**SOURCE MATERIAL:**
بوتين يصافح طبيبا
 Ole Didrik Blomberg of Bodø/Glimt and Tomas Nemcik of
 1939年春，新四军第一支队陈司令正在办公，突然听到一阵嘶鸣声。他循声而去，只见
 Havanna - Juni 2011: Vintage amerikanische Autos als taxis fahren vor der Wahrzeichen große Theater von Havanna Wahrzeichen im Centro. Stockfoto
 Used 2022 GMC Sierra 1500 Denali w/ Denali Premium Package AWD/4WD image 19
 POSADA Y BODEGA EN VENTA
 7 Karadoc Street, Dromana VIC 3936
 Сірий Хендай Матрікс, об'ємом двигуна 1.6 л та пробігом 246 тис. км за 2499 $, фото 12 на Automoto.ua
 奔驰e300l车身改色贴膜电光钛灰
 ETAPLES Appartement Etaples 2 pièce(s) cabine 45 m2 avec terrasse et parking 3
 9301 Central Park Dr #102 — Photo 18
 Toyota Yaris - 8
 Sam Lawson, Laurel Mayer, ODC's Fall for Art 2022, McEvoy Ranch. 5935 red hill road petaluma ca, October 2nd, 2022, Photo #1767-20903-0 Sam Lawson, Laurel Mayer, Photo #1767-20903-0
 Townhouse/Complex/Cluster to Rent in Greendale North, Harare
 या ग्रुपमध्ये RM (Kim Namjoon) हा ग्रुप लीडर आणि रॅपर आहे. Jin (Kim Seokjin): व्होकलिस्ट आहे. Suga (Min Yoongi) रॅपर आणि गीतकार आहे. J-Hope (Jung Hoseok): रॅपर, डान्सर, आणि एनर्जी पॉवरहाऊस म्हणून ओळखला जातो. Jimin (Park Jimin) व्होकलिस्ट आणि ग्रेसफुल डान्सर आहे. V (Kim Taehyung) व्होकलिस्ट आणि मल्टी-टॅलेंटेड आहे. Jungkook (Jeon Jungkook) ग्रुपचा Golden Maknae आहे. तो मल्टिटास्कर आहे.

**WORK TASK:**
An exact copy of the listing is what's needed here.

**ANSWER TO THIS EXERCISE:**
بوتين يصافح طبيبا
 Ole Didrik Blomberg of Bodø/Glimt and Tomas Nemcik of
 1939年春，新四军第一支队陈司令正在办公，突然听到一阵嘶鸣声。他循声而去，只见
 Havanna - Juni 2011: Vintage amerikanische Autos als taxis fahren vor der Wahrzeichen große Theater von Havanna Wahrzeichen im Centro. Stockfoto
 Used 2022 GMC Sierra 1500 Denali w/ Denali Premium Package AWD/4WD image 19
 POSADA Y BODEGA EN VENTA
 7 Karadoc Street, Dromana VIC 3936
 Сірий Хендай Матрікс, об'ємом двигуна 1.6 л та пробігом 246 тис. км за 2499 $, фото 12 на Automoto.ua
 奔驰e300l车身改色贴膜电光钛灰
 ETAPLES Appartement Etaples 2 pièce(s) cabine 45 m2 avec terrasse et parking 3
 9301 Central Park Dr #102 — Photo 18
 Toyota Yaris - 8
 Sam Lawson, Laurel Mayer, ODC's Fall for Art 2022, McEvoy Ranch. 5935 red hill road petaluma ca, October 2nd, 2022, Photo #1767-20903-0 Sam Lawson, Laurel Mayer, Photo #1767-20903-0
 Townhouse/Complex/Cluster to Rent in Greendale North, Harare
 या ग्रुपमध्ये RM (Kim Namjoon) हा ग्रुप लीडर आणि रॅपर आहे. Jin (Kim Seokjin): व्होकलिस्ट आहे. Suga (Min Yoongi) रॅपर आणि गीतकार आहे. J-Hope (Jung Hoseok): रॅपर, डान्सर, आणि एनर्जी पॉवरहाऊस म्हणून ओळखला जातो. Jimin (Park Jimin) व्होकलिस्ट आणि ग्रेसफुल डान्सर आहे. V (Kim Taehyung) व्होकलिस्ट आणि मल्टी-टॅलेंटेड आहे. Jungkook (Jeon Jungkook) ग्रुपचा Golden Maknae आहे. तो मल्टिटास्कर आहे.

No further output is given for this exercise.